Margaritte-Jeannin P, Clerget-Darpoux F, Hors J, Deschamps I
Unité de Recherches de Génétique Epidémiologique (INSERM U155), Paris, France.
Am J Hum Genet. 1995 May;56(5):1080-7.
Among patients with insulin-dependent diabetes mellitus (IDDM), an excess of DR3 and DR4 alleles is classically described when compared with the general population. In addition, an excess of maternal DR3 and paternal DR4 alleles among patients (DR3DR4) is observed. In order to explain these observations, two alternative hypotheses can be tested: maternal effect and parental imprinting. Maternal effect has been tested and not rejected on a sample of 416 caucasians affected with IDDM. Under this hypothesis, the children of a DR3 mother are expected to have an earlier exposure and, hence, an earlier age at onset. However, we did not observe such a difference in age at onset in this data set. Using the marker-association-segregation-chi 2 method, we have tested four hypotheses with different parental effects of two susceptibility alleles, alpha 0 and beta 0, at two different closely linked loci. Under the hypothesis that best fitted the data, the probability of being affected depended on the parental inheritance of the susceptibility alleles, suggesting parental imprinting (i.e., differential role of maternal and paternal allele), without evidence for a cis-trans effect. We conclude that parental imprinting on a specific allelic combination may explain the observations on the HLA genotypes of the patients and their relatives.
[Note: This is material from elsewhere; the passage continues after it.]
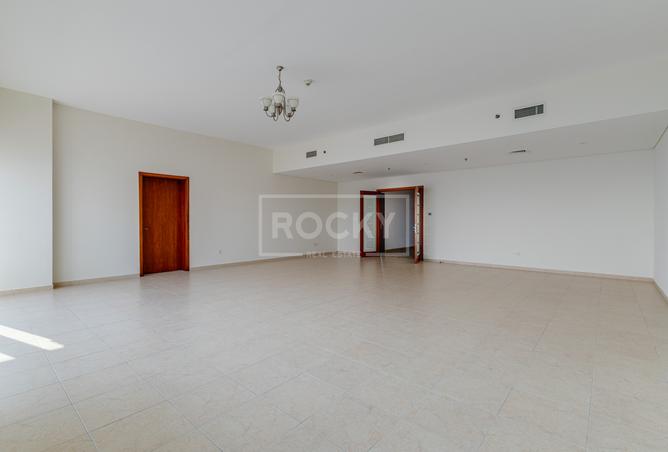 16033341 - Property Image 3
在胰岛素依赖型糖尿病(IDDM)患者中,与普通人群相比,经典描述为DR3和DR4等位基因过量。此外,还观察到患者中母亲的DR3和父亲的DR4等位基因过量(DR3DR4)。为了解释这些观察结果,可以检验两种替代假说:母体效应和父母印记。在416名受IDDM影响的白种人样本中,已经检验了母体效应且未被否定。在这个假说下,预计DR3母亲的孩子会有更早的暴露,因此发病年龄更早。然而,在这个数据集中我们没有观察到发病年龄的这种差异。使用标记-关联-分离-卡方检验方法,我们在两个不同紧密连锁的位点上,检验了关于两个易感等位基因α0和β0的不同亲本效应的四个假说。在最符合数据的假说下,受影响的概率取决于易感等位基因的亲本遗传,提示父母印记(即母源和父源等位基因的不同作用),但没有顺式-反式效应的证据。我们得出结论,对特定等位基因组合的父母印记可能解释了对患者及其亲属HLA基因型的观察结果。